C.H.I.P. Is a Tiny, Incredibly Powerful Mini $9 PC That Runs Linux - neverminder
http://news.softpedia.com/news/C-H-I-P-Is-a-Tiny-Incredibly-Powerful-Mini-9-PC-That-Runs-Linux-480562.shtml

======
peatmoss
I'd love to see the Pervasive Displays people create an E-Ink display
controller shield for some of these new low-power computers coming out. I've
kind of dreamt of an E-Ink, boot-to-Emacs, e-reader / work in the park laptop.

------
Jun8
Some more information and photos here: [http://makezine.com/2015/05/07/next-
thing-co-releases-worlds...](http://makezine.com/2015/05/07/next-thing-co-
releases-worlds-first-9-computer/)

------
fsk
Seems neat. The pocketchip seems like a viable alternative to a smartphone or
Open Pandora/Pyra.

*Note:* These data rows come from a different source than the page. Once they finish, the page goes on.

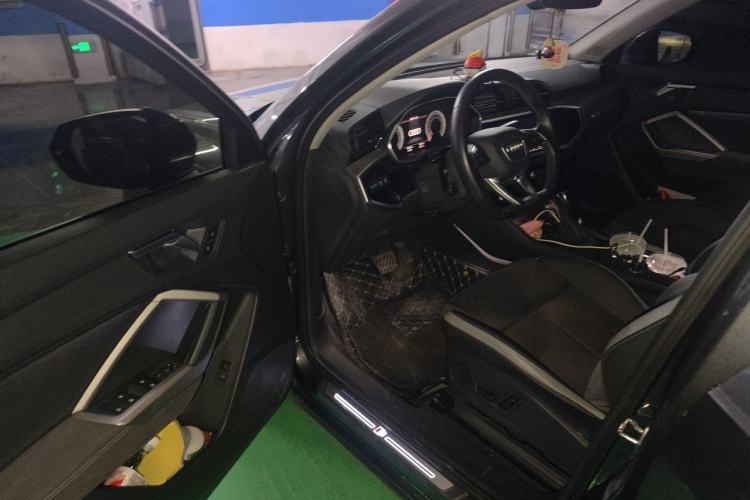 Used Audi Q3 2023 35 TFSI Fashion Dynamic Model (1.5T) Driver Seat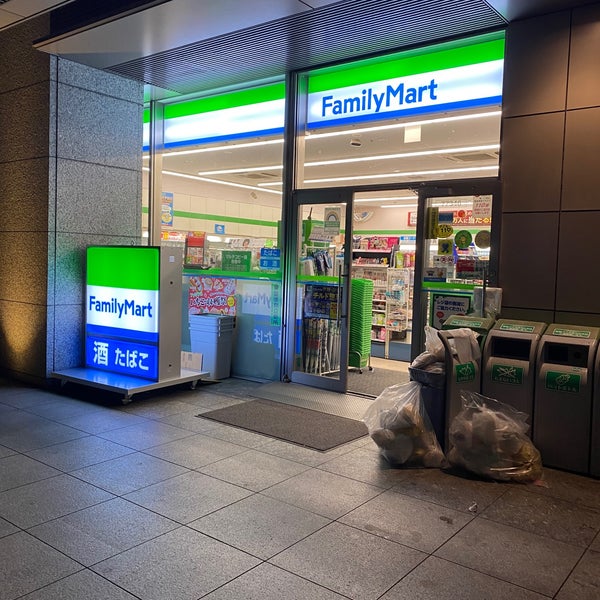 コンビニ　ファミリーマート 六本木一丁目店（コンビニ）まで275m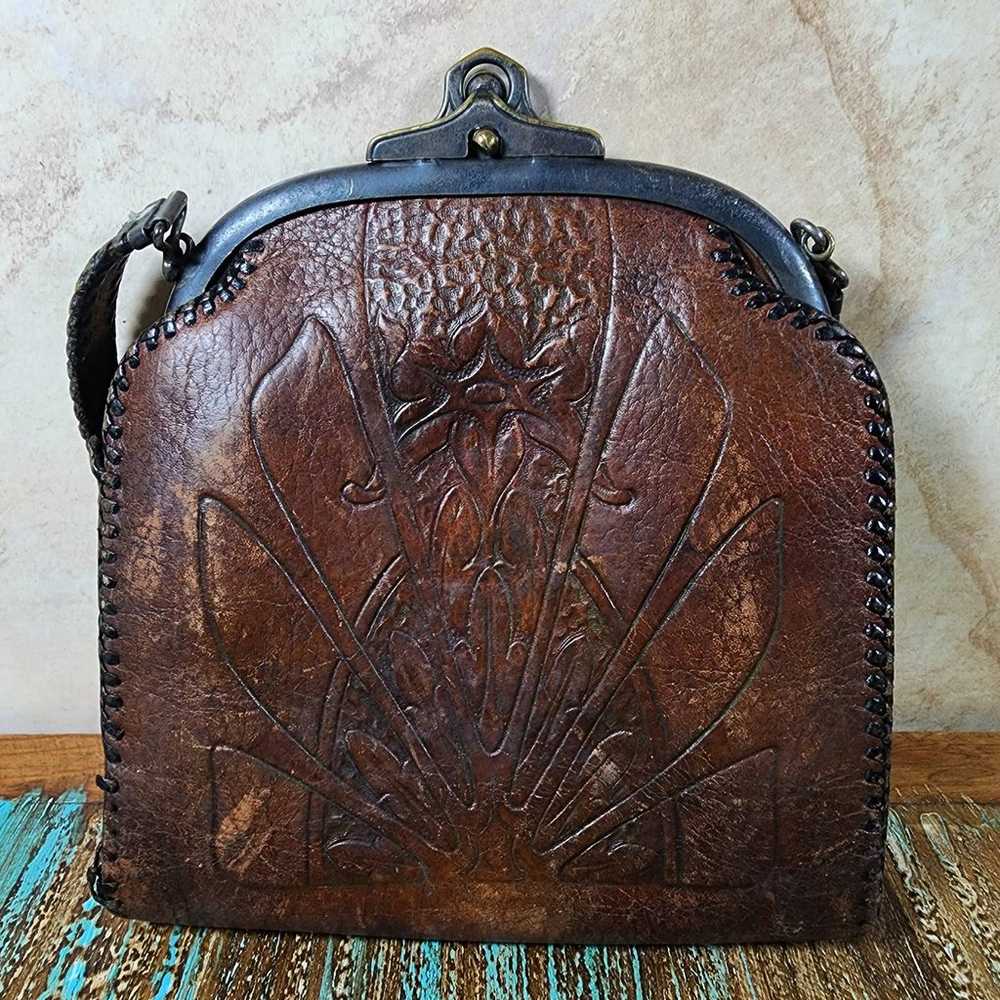 Vintage Hand Tooled Leather Purse Metal Clasp Ear… - image 2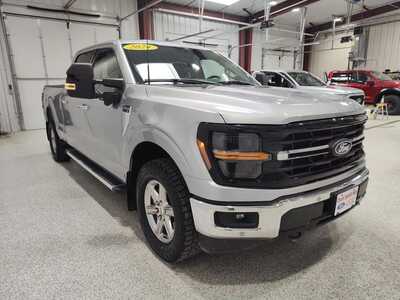 2024 Ford F150 Crew Cab, $32900. Photo 3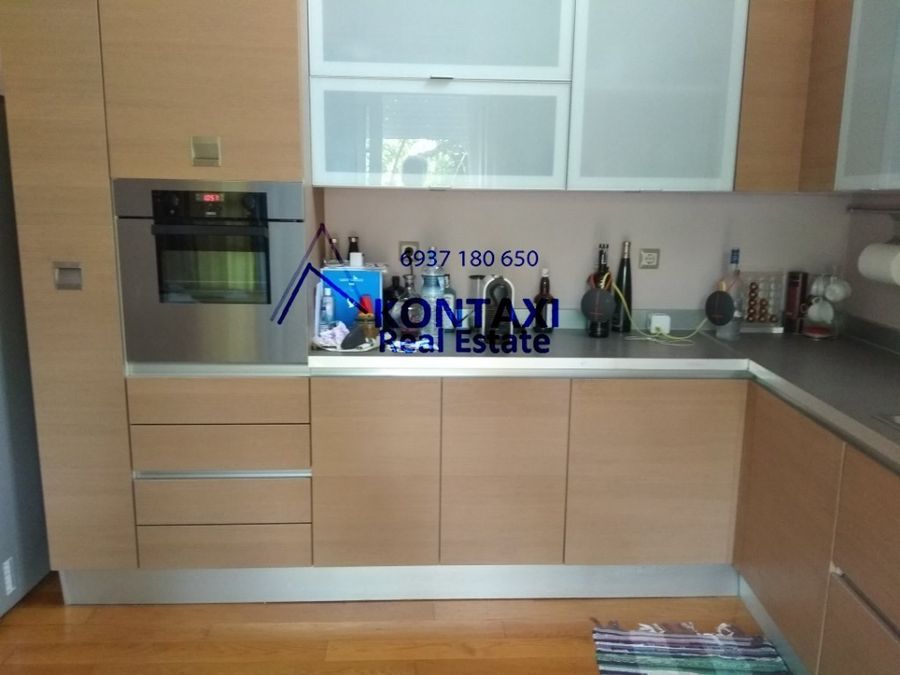 Photo 132999063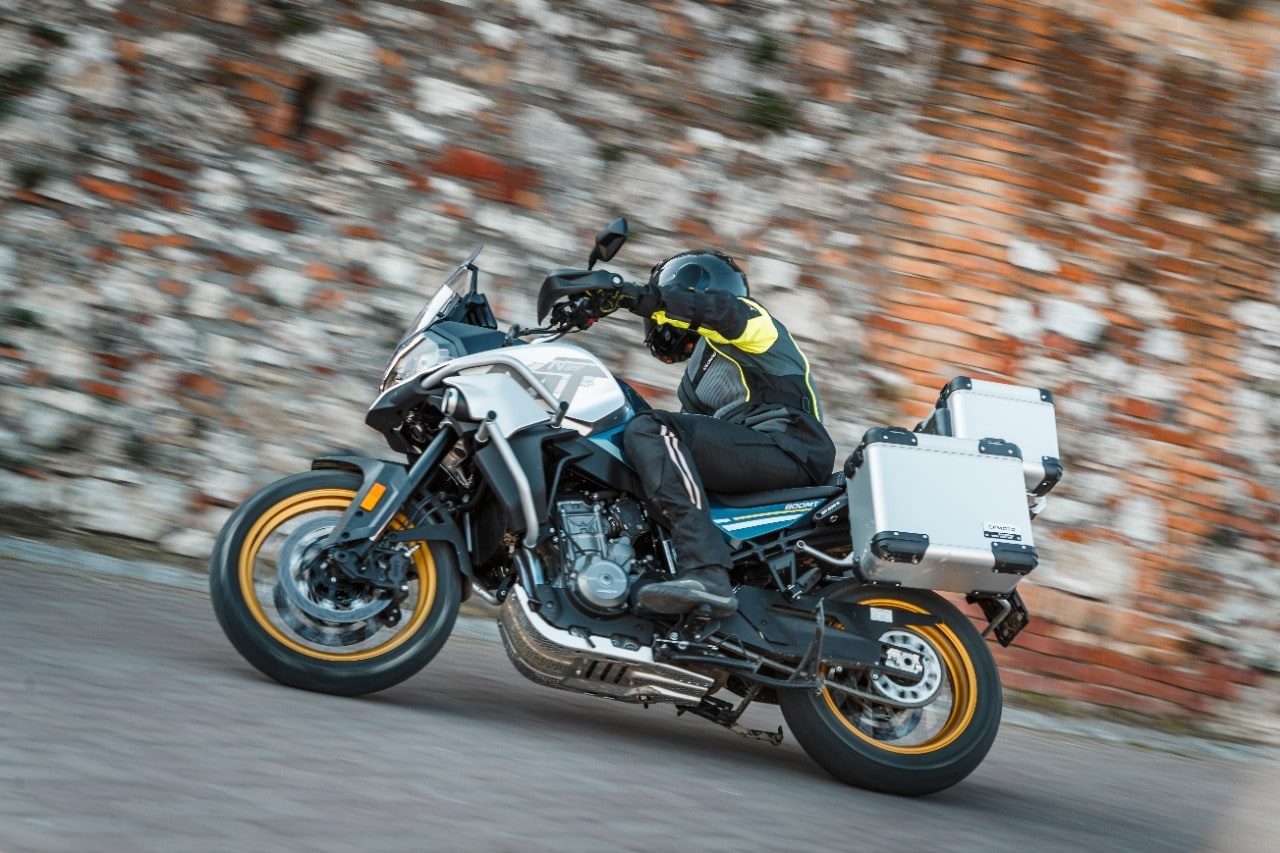 CFMOTO 800MT Touring: full equipment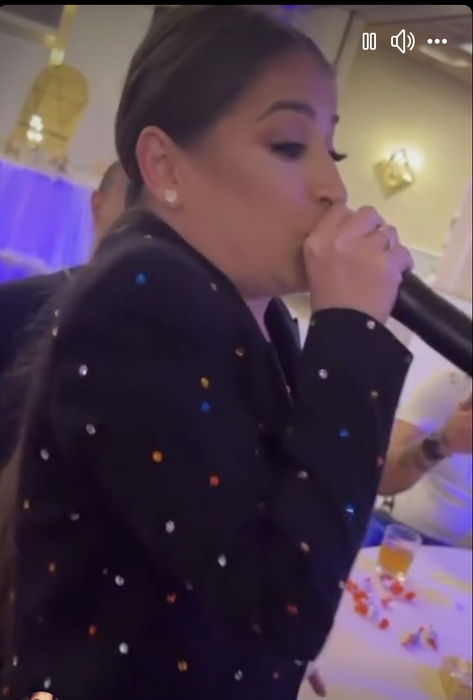 O mai ții minte pe Loredana Anghelache de la X Factor?! Cum arată acum Prințesa de Aur la 39 de ani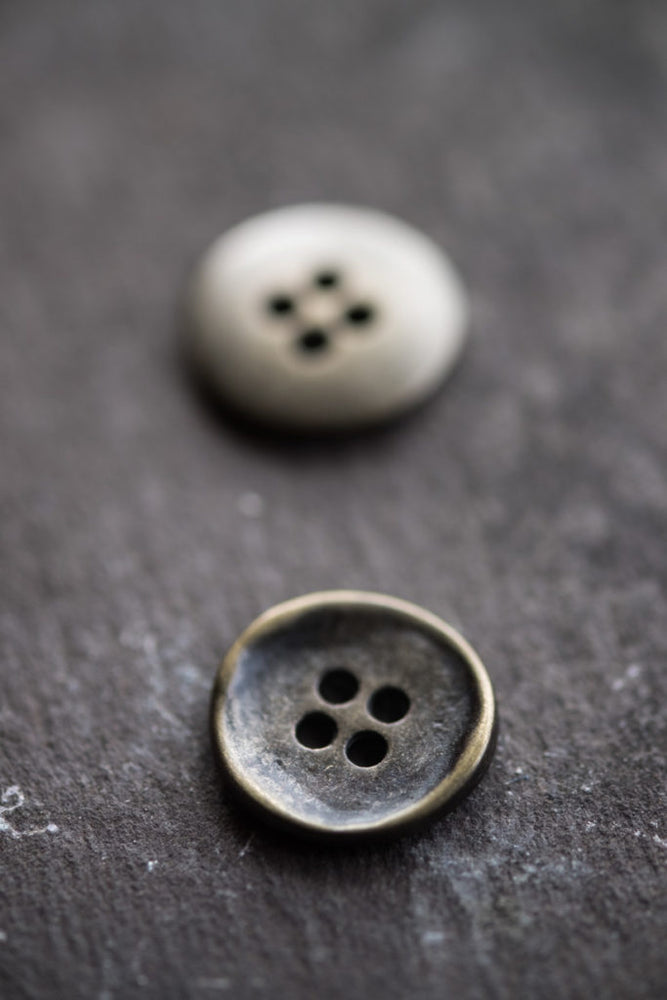 
                
                    Load image into Gallery viewer, STAMPED METAL BUTTONS • 20mm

Micro usb otg port means I can use my meenova for extra
storage.

I've seen kickstarter hardware disasters (icontrolpad2, gcw zero), so I'll
probably wait to buy on the aftermarket. They aren't planning to deliver for a
year anyway. It was already funded, so there's no loss if I wait til they
deliver to Kickstarter backers before buying.